Results from notebook:
Model: Neural Network (MLP Classifier)
Confusion Matrix:
[[ 61 2]
[ 2 106]]
Classification Report:
precision recall f1-score support
0 0.97 0.97 0.97 63
1 0.98 0.98 0.98 108
accuracy 0.98 171
macro avg 0.97 0.97 0.97 171
weighted avg 0.98 0.98 0.98 171
AUC Score: 0.9966196355085244
The neural network had a precision of 0.97, a recall of 0.97, and an F1-score of 0.97.
AdaBoost classifiers are ensemble learning models that combine multiple weak learners to make a strong one (typically shallow decision trees).
Resutls from notebook:
Model: AdaBoost
Confusion Matrix:
[[ 61 2]
[ 2 106]]
Classification Report:
precision recall f1-score support
0 0.97 0.97 0.97 63
1 0.98 0.98 0.98 108
accuracy 0.98 171
macro avg 0.97 0.97 0.97 171
weighted avg 0.98 0.98 0.98 171
AUC Score: 0.9961787184009406
AdaBoost had a precision of 0.97, recall of 0.97, and an F1 score of 0.97.

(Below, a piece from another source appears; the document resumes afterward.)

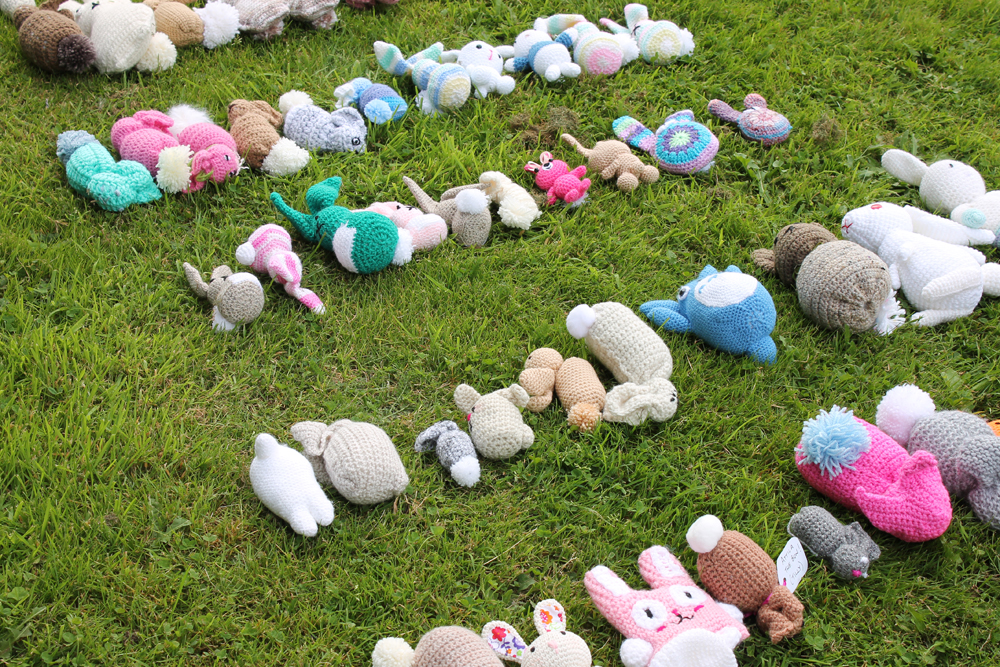 hundreds of crochet bunnies, rabbits being counted for world record attempt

The XGBoost classifier is an optimized gradient boosting library that is especially known for speed, efficiency and performance.
Results from notebook:
Model: XGBoost
Confusion Matrix:
[[ 61 2]
[ 3 105]]
Classification Report:
precision recall f1-score support
0 0.95 0.97 0.96 63
1 0.98 0.97 0.98 108
accuracy 0.97 171
macro avg 0.97 0.97 0.97 171
weighted avg 0.97 0.97 0.97 171
AUC Score: 0.9944150499706055
XGBoost has a precision of 0.95, recall of 0.97, and F1-Score of 0.96.
- Logistic Regression, Random Forest Classifier, Neural Network, AdaBoost- 0.97
All 4 of these models performed at a precision accuracy of 97%.

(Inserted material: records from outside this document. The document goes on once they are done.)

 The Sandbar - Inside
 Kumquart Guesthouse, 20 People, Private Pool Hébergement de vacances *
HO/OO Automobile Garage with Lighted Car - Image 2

- Logistic Regression- 0.98
- Support Vector Machine, Neural Network, AdaBoost, XGBoost- 0.97
Logistic Regression performed at a recall accuracy of 98%, and SVMs, MLP, AdaBoost, and XGBoost had an accuracy of 97%.
- Logistic Regression- 0.98
- Neural Network, AdaBoost- 0.97
Logistic Regression had the best F1-Score predicition with an accuracy of 98%, and MLP and AdaBoost had the second best F1-Score preicition with an accuracy of 97%.
Overall, taking into account precision, recall, and F1-Score accuracies, logistic regression seems to be the highest performing model for breast cancer classificaiton. The neural network as well as AdaBoost also performed at nearly the same accuracy.